Лукашин, с блуждающей улыбкой на губах, подошел к окну, по привычке протянул руку. Шерстяной платок съехал с плеча Анфисы, мелькнула голая рука.

Он отвел глаза в сторону, заговорил приглушенно, с хрипотцой, словно боялся спугнуть ночную тишину.

– Никак не привыкну к этим ночам. Откроешь глаза – день, посмотришь на часы – ночь. Ну и, как говорится, перепутал день и ночь. – Лукашин натянуто рассмеялся, встретился с ней глазами. – А вот вы чего не спите?

– Я-то? – улыбнулась Анфиса и зябко прижала платок к груди. – Да тоже чего-то стала путать.

Она покраснела, и Лукашину показалось, что на щеках ее, у переносья, отчетливо выступили темные крохотные веснушки, которые сразу придали ее лицу какое-то удивительно милое, простодушное выражение. И это было для него так необычно, так ново, что он даже подался вперед, чтобы получше разглядеть ее лицо. Но Анфиса, видимо устыдившись своей шутки, тотчас же поправилась:

– Нет, от забот не спится. – И на него снова глядели знакомые, серьезные и немного печальные глаза.

– Да, вот какие дела… – только и смог протянуть Лукашин.

Странно, он никогда не присматривался к ней как к женщине. А она… Ему вдруг вспомнились слова Варвары: «Она ведь какая? За стол села Фиской, а вышла Анфисой Петровной». И то, что эта вечно озабоченная Анфиса Петровна, такая сдержанная и даже холодная, неожиданно приоткрылась ему Фиской, наполнило его волнующей радостью. И вся эта белая ночь, от которой он изнывал и томился, стала для него еще прекрасней и загадочней.

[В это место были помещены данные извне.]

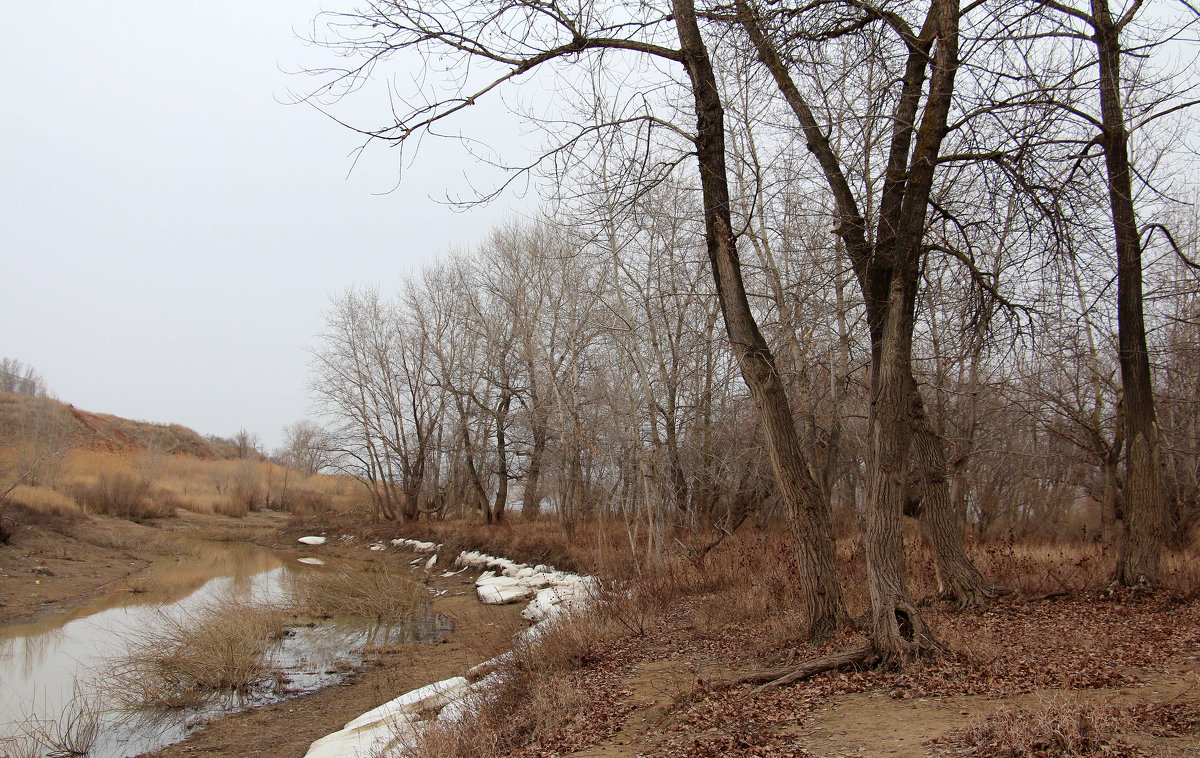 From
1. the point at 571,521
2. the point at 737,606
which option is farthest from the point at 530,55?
the point at 571,521

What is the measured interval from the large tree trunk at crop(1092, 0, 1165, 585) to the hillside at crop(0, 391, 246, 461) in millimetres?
37303

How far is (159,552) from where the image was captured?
81.5ft

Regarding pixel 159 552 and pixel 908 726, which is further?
pixel 159 552

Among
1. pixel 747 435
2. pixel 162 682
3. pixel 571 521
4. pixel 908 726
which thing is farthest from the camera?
pixel 571 521

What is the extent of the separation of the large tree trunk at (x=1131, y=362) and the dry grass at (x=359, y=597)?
13.4 metres

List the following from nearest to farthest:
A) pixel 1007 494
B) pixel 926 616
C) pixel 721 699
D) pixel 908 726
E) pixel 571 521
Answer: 1. pixel 908 726
2. pixel 721 699
3. pixel 926 616
4. pixel 1007 494
5. pixel 571 521

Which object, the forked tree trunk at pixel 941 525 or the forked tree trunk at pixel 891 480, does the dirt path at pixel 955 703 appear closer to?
the forked tree trunk at pixel 891 480

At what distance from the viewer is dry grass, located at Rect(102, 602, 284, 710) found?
380 inches

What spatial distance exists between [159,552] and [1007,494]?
27.5 m

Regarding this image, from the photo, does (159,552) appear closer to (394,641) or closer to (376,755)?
(394,641)

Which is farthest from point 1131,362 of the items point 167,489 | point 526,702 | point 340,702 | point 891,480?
point 167,489

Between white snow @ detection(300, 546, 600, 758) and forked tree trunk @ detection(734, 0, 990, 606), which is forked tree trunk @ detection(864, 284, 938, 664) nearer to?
forked tree trunk @ detection(734, 0, 990, 606)

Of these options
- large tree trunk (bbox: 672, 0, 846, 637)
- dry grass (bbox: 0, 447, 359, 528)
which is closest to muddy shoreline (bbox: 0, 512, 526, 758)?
dry grass (bbox: 0, 447, 359, 528)

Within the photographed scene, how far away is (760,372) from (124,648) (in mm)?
11156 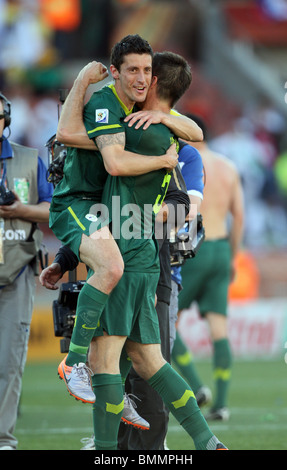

Где-то далеко, в конце деревни, тявкнула спросонья собака. Лукашин поднял глаза к Анфисе. Лицо ее опять светилось улыбкой.

– Что же это я вас под окном держу? – вдруг спохватилась она. – Заходите в гости. Вы ведь у меня еще не бывали.

– В гости? – Лукашин оглянулся. Откровенно говоря, он шел совсем в другие гости.

Она поняла по-своему: боится бабьих пересудов.

– Ничего, ничего. Заходите, я хоть молоком вас угощу.

И вот шаги Лукашина уже в заулке. Анфиса бросается к кровати, лихорадочно поправляет постель. И чего она, глупая, всполошилась? Экая важность, человек в гости зайдет. А шаги уже на крыльце, в сенях. Анфиса взглянула на себя. Батюшки, она в исподнем…

– Можно?

– Входите, входите! – звонко крикнула Анфиса из другой комнаты. – Я сейчас…

Стоя перед зеркалом, она торопливо натягивала на себя свою любимую кофту распашонку из синей бумазеи с белыми пуговками. Но на этот раз кофта показалась ей какой-то уж чересчур заношенной, неприглядной. Откинув ее в сторону, Анфиса раскрыла сундук и, волнуясь, стала рыться в своих залежалых нарядах. На дне сундука нащупала руками скользкий шелк, вытащила. Чем-то цветастым, далеким и шумным опахнуло ее.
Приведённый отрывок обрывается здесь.